Des avocats représentant une ancienne agente de la GRC qui habite en Colombie-Britannique ont déposé une demande de recours collectif en cour provinciale mardi.

Une seule plaignante de la Colombie-Britannique est nommée dans la déclaration, mais l'équipe légale croit que le recours collectif comprendra à la longue des femmes de tout le pays.

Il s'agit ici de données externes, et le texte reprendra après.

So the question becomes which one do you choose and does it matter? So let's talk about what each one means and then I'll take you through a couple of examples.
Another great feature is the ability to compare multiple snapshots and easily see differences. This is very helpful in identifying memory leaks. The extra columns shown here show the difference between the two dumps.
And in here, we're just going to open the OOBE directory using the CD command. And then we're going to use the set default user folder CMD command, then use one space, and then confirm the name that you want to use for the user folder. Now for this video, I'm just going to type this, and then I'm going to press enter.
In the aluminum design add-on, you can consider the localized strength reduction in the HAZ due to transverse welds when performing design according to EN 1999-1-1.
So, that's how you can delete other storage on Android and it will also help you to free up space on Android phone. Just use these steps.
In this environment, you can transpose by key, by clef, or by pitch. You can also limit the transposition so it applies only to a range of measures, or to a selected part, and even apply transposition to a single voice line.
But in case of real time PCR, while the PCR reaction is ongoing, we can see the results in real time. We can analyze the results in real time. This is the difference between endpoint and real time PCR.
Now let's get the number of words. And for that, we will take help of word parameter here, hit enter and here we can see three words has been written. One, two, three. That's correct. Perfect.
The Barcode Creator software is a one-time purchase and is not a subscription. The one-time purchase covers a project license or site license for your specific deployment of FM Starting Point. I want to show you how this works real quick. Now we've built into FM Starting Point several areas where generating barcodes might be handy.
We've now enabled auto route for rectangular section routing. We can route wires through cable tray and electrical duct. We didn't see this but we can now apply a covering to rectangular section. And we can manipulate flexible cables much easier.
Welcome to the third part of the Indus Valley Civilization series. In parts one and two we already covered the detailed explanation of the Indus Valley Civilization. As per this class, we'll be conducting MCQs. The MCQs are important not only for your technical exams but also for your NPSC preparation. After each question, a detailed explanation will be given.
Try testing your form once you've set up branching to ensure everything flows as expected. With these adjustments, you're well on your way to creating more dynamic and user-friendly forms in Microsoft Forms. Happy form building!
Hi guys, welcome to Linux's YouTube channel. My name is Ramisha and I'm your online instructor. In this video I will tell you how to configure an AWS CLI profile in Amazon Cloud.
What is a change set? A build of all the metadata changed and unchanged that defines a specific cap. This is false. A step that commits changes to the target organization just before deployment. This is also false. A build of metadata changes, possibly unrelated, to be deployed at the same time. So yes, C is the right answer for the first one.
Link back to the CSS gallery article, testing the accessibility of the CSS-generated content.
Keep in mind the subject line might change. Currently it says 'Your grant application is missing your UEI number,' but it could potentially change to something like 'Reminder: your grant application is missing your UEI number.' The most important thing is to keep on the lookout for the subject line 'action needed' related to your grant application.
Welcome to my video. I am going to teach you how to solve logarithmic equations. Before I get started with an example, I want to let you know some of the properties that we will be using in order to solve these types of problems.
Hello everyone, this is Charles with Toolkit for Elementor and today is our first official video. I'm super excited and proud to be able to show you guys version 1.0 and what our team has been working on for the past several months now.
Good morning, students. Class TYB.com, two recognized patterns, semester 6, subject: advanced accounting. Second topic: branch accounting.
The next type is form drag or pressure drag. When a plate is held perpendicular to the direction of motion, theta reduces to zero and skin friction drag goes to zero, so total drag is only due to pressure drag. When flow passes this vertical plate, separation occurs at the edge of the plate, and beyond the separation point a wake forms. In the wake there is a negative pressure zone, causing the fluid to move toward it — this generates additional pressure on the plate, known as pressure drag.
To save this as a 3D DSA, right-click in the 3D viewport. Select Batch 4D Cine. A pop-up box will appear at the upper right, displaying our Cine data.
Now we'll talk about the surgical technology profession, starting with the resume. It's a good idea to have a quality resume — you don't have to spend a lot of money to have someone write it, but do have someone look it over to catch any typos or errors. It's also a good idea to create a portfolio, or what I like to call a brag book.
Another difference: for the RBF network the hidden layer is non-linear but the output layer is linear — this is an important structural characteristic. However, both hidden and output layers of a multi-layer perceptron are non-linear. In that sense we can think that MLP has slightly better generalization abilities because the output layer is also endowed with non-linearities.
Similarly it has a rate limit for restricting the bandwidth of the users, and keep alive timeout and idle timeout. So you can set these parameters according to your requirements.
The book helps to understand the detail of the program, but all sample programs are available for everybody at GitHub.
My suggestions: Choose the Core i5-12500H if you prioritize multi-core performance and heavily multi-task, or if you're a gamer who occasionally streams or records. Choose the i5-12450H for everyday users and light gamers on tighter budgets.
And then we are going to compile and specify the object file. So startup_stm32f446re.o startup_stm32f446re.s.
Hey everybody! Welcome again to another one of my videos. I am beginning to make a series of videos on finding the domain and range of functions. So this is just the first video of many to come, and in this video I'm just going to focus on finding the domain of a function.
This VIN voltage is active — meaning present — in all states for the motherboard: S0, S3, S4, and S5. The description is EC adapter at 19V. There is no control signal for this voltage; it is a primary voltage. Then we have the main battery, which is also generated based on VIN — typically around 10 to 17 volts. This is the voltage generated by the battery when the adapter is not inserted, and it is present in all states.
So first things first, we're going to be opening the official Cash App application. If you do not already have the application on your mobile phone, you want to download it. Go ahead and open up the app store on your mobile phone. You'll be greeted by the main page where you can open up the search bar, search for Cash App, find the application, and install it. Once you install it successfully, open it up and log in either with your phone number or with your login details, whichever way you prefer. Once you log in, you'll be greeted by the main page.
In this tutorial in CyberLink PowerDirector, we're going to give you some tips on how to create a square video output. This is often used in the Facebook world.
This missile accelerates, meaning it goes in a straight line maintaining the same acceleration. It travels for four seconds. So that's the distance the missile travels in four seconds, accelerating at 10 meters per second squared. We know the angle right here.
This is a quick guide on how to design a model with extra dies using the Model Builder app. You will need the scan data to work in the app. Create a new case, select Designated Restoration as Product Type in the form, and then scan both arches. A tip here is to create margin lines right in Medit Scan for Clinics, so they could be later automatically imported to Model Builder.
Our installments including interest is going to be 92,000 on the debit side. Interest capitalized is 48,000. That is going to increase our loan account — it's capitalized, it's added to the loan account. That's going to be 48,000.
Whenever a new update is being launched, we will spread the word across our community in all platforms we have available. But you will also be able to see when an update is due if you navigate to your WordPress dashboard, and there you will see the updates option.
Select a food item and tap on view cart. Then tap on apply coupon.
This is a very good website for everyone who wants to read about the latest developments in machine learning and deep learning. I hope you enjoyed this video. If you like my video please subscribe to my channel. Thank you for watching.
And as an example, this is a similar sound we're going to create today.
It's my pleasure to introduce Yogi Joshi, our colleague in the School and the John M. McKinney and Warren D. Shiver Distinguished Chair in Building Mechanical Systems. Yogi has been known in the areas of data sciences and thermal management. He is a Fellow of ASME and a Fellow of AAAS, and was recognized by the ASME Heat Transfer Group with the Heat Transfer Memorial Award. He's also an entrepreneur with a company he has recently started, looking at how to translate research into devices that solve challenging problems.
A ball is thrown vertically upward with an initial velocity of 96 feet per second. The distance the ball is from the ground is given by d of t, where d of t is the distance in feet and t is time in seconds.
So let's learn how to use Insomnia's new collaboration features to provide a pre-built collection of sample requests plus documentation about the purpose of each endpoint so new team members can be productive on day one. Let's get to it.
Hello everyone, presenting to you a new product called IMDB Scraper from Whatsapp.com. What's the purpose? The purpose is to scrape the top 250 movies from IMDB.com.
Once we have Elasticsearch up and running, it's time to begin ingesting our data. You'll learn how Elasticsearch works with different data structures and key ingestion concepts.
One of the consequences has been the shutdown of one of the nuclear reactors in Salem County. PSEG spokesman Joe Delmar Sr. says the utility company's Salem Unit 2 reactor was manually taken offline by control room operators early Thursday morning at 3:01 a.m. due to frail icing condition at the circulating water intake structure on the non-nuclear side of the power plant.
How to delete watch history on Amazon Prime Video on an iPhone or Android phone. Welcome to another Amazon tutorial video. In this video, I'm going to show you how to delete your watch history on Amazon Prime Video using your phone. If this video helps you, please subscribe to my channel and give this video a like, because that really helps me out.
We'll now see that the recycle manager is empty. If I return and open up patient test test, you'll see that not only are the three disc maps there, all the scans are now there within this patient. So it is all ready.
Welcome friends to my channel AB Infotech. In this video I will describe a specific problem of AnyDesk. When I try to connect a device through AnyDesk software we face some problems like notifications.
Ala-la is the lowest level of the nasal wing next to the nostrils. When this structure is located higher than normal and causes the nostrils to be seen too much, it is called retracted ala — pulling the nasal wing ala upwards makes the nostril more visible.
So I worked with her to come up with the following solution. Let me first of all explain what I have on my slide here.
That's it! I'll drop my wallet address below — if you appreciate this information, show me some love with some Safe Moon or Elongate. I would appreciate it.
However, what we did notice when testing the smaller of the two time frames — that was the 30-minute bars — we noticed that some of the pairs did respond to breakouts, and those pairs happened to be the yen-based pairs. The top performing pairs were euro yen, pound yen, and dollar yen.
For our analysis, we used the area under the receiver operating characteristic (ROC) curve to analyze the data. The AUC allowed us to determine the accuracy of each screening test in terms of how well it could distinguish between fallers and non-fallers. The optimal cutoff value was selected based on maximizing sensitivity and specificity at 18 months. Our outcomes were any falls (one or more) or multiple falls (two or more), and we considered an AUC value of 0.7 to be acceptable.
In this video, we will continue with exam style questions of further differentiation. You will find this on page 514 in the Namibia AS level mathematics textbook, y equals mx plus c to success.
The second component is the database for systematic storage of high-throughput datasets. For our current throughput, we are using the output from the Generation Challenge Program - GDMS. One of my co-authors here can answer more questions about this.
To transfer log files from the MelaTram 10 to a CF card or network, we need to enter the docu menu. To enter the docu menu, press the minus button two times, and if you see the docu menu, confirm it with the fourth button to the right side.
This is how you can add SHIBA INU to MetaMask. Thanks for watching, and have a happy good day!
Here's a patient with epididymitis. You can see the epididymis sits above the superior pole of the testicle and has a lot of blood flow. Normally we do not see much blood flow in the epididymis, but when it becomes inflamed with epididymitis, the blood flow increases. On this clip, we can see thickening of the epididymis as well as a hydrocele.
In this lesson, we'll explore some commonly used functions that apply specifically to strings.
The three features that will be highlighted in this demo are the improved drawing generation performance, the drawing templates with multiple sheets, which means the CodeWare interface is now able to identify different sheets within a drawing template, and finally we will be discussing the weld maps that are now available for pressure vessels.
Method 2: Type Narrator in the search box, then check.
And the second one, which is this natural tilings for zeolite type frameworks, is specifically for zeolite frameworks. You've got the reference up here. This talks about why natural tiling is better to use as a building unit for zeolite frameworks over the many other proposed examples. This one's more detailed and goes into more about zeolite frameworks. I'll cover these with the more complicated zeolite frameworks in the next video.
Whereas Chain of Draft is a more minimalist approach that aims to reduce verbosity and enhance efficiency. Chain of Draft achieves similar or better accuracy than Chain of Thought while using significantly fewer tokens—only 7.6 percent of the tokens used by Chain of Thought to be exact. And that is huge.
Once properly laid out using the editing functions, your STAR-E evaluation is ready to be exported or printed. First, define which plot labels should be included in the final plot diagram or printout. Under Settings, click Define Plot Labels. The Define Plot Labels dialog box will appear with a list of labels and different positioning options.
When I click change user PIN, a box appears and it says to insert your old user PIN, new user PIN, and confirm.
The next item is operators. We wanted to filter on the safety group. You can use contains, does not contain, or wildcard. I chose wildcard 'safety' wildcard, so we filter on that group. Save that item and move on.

Selon les avocats, plus de 150 femmes qui affirment elles aussi avoir été harcelées par leurs collègues masculins de la GRC sont prêtes à se joindre à la cause.

L'agente nommée dans la poursuite soutient qu'elle a enduré le harcèlement sexuel de ses superviseurs masculins pendant plusieurs années.

Elle aurait entre autres trouvé des jouets sexuels dans son bureau et se serait fait dire de serrer les jambes après avoir annoncé sa première grossesse.

Le recours collectif s'organise depuis décembre.

L'équipe légale basée à Vancouver et à Thunder Bay en Ontario souligne qu'avant tout, ils doivent obtenir la certification du recours collectif, un processus qui peut prendre jusqu'à deux ans.

L'agente Catherine Galliford fut la première à se plaindre publiquement d'avoir été harcelée sexuellement au cours de sa carrière avec la GRC. Elle ne fait toutefois pas partie du recours collectif.

De nombreuses agentes de la GRC ont ensuite emboîté le pas.

Le commissaire de la GRC, Bob Paulson, a promis d'enquêter pour faire la lumière sur la question.